== What is expected ==
The answer must be an exact copy of the lines from the one holding "Nice super abstract" through the final line of the entries, and nothing else.

(Excerpts from a dataset)
+--
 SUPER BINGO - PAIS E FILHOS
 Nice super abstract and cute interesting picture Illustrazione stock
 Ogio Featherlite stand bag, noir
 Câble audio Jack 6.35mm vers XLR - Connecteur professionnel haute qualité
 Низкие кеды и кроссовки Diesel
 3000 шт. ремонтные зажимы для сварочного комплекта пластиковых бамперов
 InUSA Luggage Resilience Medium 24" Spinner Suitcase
+--
== Output below ==
 Nice super abstract and cute interesting picture Illustrazione stock
 Ogio Featherlite stand bag, noir
 Câble audio Jack 6.35mm vers XLR - Connecteur professionnel haute qualité
 Низкие кеды и кроссовки Diesel
 3000 шт. ремонтные зажимы для сварочного комплекта пластиковых бамперов
 InUSA Luggage Resilience Medium 24" Spinner Suitcase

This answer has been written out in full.